Note also that in the final system HDSCELL is replaced with a longer string that we know is longer that DAT__SZNAM (so that we can not end up with the name by mistake or fluke through the HDS layer).
Slices of an array structure break this, as does vectorization (which is used by HDSTRACE a lot).
HDS can do type conversion from/to strings for numeric and logical types. HDF5 can not do that in a H5Dwrite call so the type conversion has to happen in datPut before that. The parameter system relies on this as parameters are always supplied as strings but the correct values are stored in the HDS parameter file.
hdsLink and hdsFlush are implemented above HDF5. A hash table and
vector of locators is used to keep track of group membership. Uses
uthash.
hdsClose is documented to be obsolete but it is still called throughout
ADAM. Currently just calls datAnnul.
Does HDF5 have the concept of a secondary locator?

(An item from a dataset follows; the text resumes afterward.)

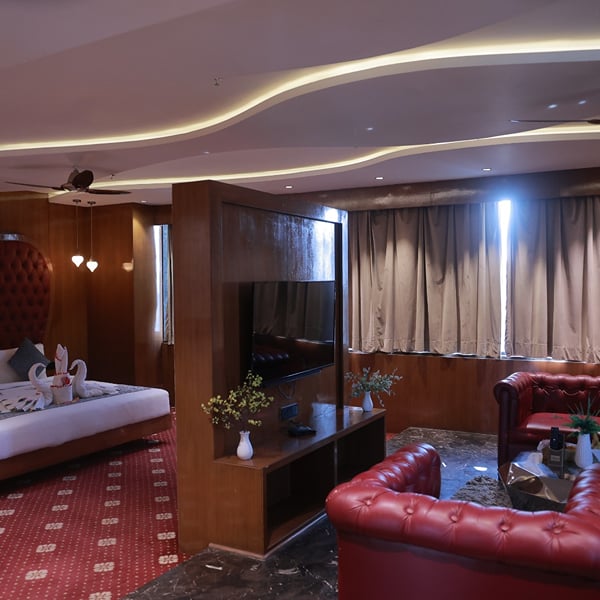 Sky Suite bedroom with a king bed, lounge seating and cove lighting at Skyline Resort & Convention Centre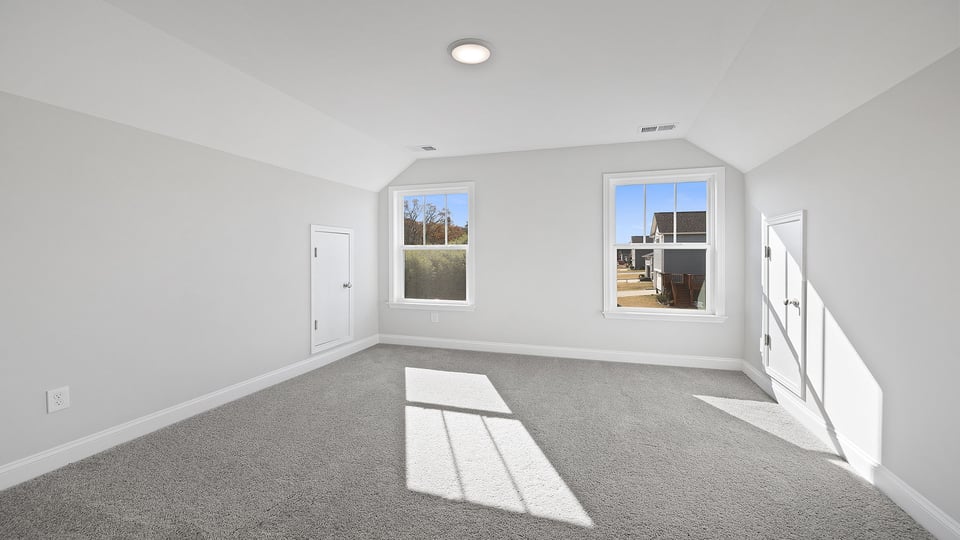 Loft area with carpet and windows.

HDS defaults to top-level locators being "primary" and all other locators being
"secondary". HDS is allowed to close the file if all primary locators are annulled.
A secondary locator can be promoted to a primary locator using datPrmry. In
HDF5 it seems that all locators are primary.
In Starlink software only one routine in NDF every sets a primary locator
to a secondary locator (ndf1_htop.f), all others are setting to primary.
hdsLock requires access to the underlying file descriptor associated with
the file. This is hard to obtain and no Starlink software calls the routine.
hdsFree will not complain as it is only meant to do something if hdsLock
has been called.
datRef and datMsg currently do not report the full path to a file,
unlike the HDS library. This is presumably an error in hdsTrace()
implementation which may have to determine the directory. (and
furthermore we may have to store the directory at open time in case a
chdir happens).
datParen does not currently work out when it hits the top of the
group hierarchy.